Under the new scheme property can be purchased with income tax paid back, meaning a higher-rate taxpayer could effectively buy a £200,000 property for £120,000. Taxpayers on the standard rate of 22 per cent would pay £156,000 for the same property.
New work by Rics predicts a steady flow of property into Sipps, with up to 160,000 extra residential property purchases made over the three years following the changes.
But this inflow of property investors looks set to be focused on areas of the property market that are already climbing.

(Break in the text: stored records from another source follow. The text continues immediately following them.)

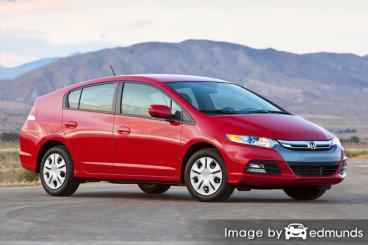 Insurance quote for Honda Insight in Greensboro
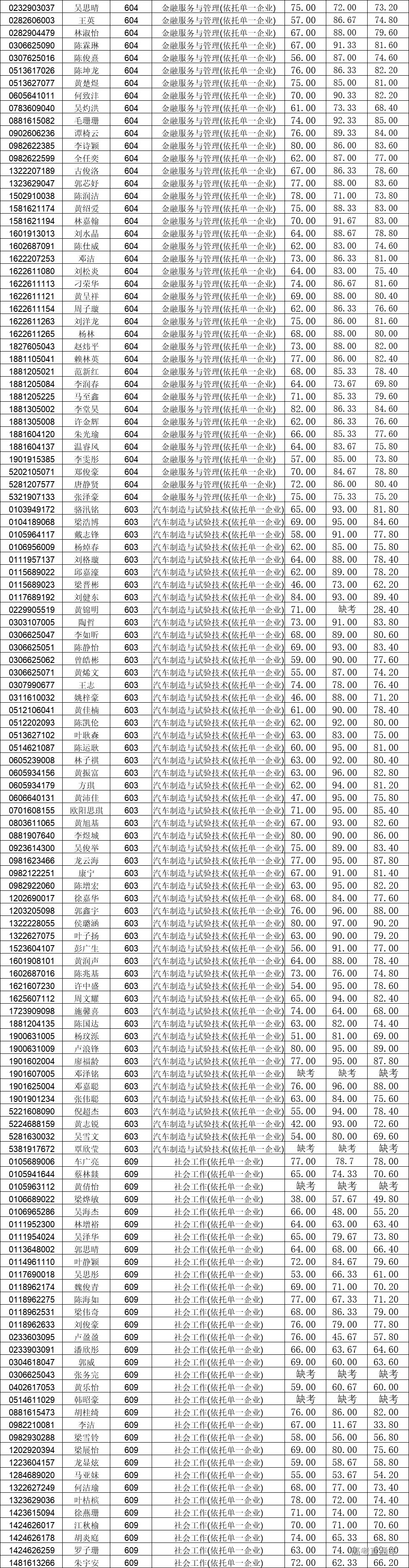 1716343577835252.png a3d6fb2ac51a31f5af1c274ee455eee.png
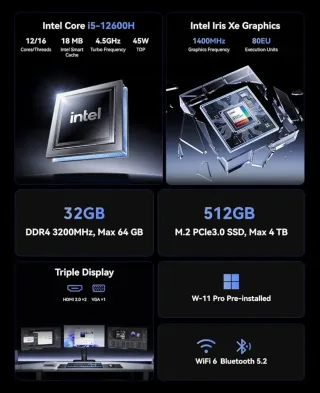 Mini PC NiPoGi CK10 i5-12600H 32GB 512GB SSD WiFi6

Overall, 51 per cent of surveyors expect house prices to rise after A-Day, but this figure rises to 71 per cent of surveyors in the north and 69 per cent in Scotland - compared with 41 per cent in the south east.
But the impact will be smaller than many predict.
"Reports of a mad rush of property to Sipps are exaggerated. The size of the housing market means that demand can be readily absorbed in most areas," said Rics chief executive, Louis Armstrong.
Fewer than one per cent of chartered surveyor estate agents predict a large rise in house prices.
The Rics report also expresses concern over possible mis-selling with 'property pensions' and advises everyone thinking of taking out this option to consult a qualified independent financial advisor before making any important decisions on a financial product.
Rics areas of concern include:
- The current uncertainty over the detail of the Sipp rules.
- Pensions that are over-exposed to property.
- Administrative costs.
- Pensions mis-sold through, for example, unregulated property investment clubs.